**Task to complete:**
Output only the lines of the entries that follow, starting at the one with "绮怡（Antipodes） 拓地饮用水 含气500ml*24瓶 新西兰进口" and running down to the one with "btn-warning btn-sm float-right", both included and unchanged.

**Provided data:**
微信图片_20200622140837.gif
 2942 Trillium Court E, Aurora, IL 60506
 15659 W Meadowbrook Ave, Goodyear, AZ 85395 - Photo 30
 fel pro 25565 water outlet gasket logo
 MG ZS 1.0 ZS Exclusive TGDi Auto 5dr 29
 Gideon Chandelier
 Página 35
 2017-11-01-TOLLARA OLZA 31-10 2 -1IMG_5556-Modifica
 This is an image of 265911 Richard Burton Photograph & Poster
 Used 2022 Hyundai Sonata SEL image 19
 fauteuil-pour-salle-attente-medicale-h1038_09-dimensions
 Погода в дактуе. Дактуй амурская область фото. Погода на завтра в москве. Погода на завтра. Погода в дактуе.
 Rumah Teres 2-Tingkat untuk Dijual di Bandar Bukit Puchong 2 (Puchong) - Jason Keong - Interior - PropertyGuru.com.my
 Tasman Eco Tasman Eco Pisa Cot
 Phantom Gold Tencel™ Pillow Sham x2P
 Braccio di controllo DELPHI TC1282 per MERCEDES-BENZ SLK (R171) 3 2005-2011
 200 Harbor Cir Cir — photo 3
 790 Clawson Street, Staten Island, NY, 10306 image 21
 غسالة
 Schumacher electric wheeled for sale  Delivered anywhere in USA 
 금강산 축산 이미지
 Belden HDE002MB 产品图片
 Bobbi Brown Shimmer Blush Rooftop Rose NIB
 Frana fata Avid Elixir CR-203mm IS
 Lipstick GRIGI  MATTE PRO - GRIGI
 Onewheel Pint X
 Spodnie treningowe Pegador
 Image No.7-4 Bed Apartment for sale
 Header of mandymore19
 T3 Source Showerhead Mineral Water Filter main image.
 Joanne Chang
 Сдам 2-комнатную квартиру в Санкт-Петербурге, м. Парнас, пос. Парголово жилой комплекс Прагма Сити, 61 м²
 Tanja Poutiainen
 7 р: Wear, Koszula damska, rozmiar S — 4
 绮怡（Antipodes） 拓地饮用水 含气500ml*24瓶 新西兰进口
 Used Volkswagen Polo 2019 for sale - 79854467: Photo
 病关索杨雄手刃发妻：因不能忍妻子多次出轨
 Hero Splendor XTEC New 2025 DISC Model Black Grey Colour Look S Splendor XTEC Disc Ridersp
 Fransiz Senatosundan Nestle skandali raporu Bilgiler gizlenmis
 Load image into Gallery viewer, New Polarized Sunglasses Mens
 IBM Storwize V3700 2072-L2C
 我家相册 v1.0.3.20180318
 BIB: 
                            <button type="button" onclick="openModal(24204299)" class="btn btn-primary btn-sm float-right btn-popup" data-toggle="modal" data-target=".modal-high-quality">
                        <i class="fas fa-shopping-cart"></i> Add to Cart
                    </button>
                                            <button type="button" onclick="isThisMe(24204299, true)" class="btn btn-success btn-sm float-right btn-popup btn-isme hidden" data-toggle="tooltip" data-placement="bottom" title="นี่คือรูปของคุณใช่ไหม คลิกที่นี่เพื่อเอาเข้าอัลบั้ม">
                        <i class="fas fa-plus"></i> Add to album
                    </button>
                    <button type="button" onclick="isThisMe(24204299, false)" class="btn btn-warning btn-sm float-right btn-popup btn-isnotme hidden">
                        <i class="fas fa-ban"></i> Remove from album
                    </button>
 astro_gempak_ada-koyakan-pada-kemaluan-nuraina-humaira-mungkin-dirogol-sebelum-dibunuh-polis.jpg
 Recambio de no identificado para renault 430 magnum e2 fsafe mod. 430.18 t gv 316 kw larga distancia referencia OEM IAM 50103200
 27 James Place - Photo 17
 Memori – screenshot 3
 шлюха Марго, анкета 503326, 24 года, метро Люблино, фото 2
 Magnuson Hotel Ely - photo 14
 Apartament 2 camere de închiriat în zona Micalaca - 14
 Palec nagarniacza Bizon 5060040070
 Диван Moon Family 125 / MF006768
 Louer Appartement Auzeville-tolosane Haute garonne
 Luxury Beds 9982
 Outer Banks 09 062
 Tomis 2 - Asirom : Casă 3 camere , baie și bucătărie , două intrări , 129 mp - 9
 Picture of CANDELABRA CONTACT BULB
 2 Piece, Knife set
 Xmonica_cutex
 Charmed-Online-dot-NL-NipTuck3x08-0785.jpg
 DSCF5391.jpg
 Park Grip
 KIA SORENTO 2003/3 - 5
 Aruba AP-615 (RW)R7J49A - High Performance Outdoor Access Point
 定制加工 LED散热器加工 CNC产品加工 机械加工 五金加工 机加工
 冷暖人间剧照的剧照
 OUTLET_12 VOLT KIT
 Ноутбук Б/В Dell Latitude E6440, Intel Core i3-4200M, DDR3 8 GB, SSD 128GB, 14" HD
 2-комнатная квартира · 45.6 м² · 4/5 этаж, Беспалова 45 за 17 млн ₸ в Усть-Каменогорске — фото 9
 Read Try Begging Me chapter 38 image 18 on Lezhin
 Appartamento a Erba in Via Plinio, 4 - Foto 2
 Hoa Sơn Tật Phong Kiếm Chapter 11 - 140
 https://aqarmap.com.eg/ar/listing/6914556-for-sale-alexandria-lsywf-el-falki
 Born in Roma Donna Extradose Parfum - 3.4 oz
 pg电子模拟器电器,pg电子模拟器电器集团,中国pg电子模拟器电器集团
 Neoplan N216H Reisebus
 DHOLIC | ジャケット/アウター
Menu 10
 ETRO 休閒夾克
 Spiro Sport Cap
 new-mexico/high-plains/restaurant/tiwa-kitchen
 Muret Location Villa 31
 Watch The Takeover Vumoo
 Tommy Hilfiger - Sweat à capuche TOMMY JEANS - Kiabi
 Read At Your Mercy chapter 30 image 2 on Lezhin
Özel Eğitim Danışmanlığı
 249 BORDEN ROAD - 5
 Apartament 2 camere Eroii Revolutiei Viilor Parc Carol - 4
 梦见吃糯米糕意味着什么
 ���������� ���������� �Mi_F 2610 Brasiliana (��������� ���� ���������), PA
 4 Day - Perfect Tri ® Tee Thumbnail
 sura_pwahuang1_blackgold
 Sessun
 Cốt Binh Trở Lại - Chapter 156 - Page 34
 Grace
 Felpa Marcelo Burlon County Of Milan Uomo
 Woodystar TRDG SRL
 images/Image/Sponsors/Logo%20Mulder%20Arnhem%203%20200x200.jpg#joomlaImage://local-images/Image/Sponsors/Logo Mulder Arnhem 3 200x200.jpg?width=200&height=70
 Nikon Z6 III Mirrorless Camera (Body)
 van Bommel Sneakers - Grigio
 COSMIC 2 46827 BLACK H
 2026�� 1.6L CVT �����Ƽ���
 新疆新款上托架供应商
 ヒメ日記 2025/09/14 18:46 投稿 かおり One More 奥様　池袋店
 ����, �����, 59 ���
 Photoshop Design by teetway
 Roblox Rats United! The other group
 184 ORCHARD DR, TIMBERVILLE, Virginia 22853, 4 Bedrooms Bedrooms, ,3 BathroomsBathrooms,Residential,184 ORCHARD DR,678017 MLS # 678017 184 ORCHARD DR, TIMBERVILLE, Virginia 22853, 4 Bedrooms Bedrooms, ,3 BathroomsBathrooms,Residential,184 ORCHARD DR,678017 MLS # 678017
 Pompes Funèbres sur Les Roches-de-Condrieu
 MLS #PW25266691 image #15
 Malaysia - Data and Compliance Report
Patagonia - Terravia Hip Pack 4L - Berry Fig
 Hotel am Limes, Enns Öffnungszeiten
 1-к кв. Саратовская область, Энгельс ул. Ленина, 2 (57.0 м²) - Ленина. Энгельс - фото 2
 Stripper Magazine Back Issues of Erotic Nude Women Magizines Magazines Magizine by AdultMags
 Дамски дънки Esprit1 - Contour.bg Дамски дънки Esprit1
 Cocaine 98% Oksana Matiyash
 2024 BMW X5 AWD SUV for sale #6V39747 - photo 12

**Output:**
 绮怡（Antipodes） 拓地饮用水 含气500ml*24瓶 新西兰进口
 Used Volkswagen Polo 2019 for sale - 79854467: Photo
 病关索杨雄手刃发妻：因不能忍妻子多次出轨
 Hero Splendor XTEC New 2025 DISC Model Black Grey Colour Look S Splendor XTEC Disc Ridersp
 Fransiz Senatosundan Nestle skandali raporu Bilgiler gizlenmis
 Load image into Gallery viewer, New Polarized Sunglasses Mens
 IBM Storwize V3700 2072-L2C
 我家相册 v1.0.3.20180318
 BIB: 
                            <button type="button" onclick="openModal(24204299)" class="btn btn-primary btn-sm float-right btn-popup" data-toggle="modal" data-target=".modal-high-quality">
                        <i class="fas fa-shopping-cart"></i> Add to Cart
                    </button>
                                            <button type="button" onclick="isThisMe(24204299, true)" class="btn btn-success btn-sm float-right btn-popup btn-isme hidden" data-toggle="tooltip" data-placement="bottom" title="นี่คือรูปของคุณใช่ไหม คลิกที่นี่เพื่อเอาเข้าอัลบั้ม">
                        <i class="fas fa-plus"></i> Add to album
                    </button>
                    <button type="button" onclick="isThisMe(24204299, false)" class="btn btn-warning btn-sm float-right btn-popup btn-isnotme hidden">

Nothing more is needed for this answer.